A cautious approach in Greenville
The Delta town of Greenville overlooks the Mississippi river, nearly two hours northwest of Clinton. By many accounts, the Greenville Public School District’s precarious financial status makes it an unlikely early adopter of a technology program like Clinton’s. More than 93 percent of students qualify for free- or reduced-price lunch, and four of the district’s 10 schools received a failing grade from the state in the 2011-12 school year. Only about 21 percent of the district’s revenue comes from local sources, meaning the district must rely on federal aid or state aid to fund new initiatives.
But the poverty level made it even more imperative to start a technology program, said Leeson Taylor, superintendent of the Greenville Public School District. “We’re trying to be proactive and act on behalf of our students,” Taylor said.
Before he was superintendent, Taylor worked in the district’s federal programs division, where he helped the district find ways to be frugal and save money for the program. The district has used reserve money and federal Title I funding, which it receives for low-income students, to fund its new program. This fall, all students in sixth through twelfth grade will receive an iPad, while younger students will use iPads on carts in each classroom.
Administrators in Greenville have been wary of moving too fast with their program. After hearing about a district in another state where kids were robbed after receiving digital devices from schools, they delayed rollout until they could find volunteers to monitor children as they walked home after school.
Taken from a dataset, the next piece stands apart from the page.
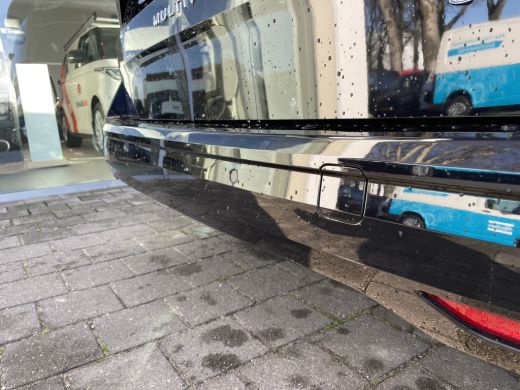 Volkswagen Multivan 1.4 eHybrid L2H1 Life | 7 Zitplaatsen | IQ Light | Elektrische achterklep ActivLease financial lease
They also took note of Los Angeles Unified School District, which had to put a halt to their $1 billion iPad plan after a disastrous rollout where kids quickly figured out how to hack security settings and access non-educational content online.
Taylor said that some parents were skeptical of giving children such an expensive item, and not every teacher was enthusiastic about the change. “There are some model classrooms,” Taylor said, but also some classrooms where teachers had to be dragged “kicking and screaming into the 21st century.”
One of the district’s teachers who has embraced technology is Reginald Forte, a fifth grade teacher at Em Boyd Elementary who describes himself as “a tech person.” Forte said that he uses iPads most in math, science, and social studies to expand the amount and quality of information students can use.
“They have direct access to the latest information,” Forte said. “I may not know it, but they can go right to it.”
On one of the final weeks of school this spring, students in Forte’s class were working in groups on an end-of-year project. At a cluster of desks in the front of the room, fifth-graders Kiara McPherson and Jeremiah Hilliard were bent over iPads, searching through pictures on the Internet.
They were preparing a digital presentation about the properties of light, which they would later have to present to the class. Kiara clicked on a picture of a triangle prism and slid her iPad over to Jeremiah’s desk.
“Jeremiah, do you like this picture? It’s using refraction,” she said.
Jeremiah examined the picture closely. “Yes.”
With a flurry of motion, Kiara quickly downloaded the image, cropped the picture, and dragged it into the digital presentation she and Jeremiah were creating.
One of the goals of technology is to engage students, or make them more excited about learning, said Taylor, as he stepped into Forte’s class to watch the students’ presentations. “A lot of our kids are below the federal poverty level,” he added. “If we don’t build those experiences for them, then a lot of them will not have those experiences.”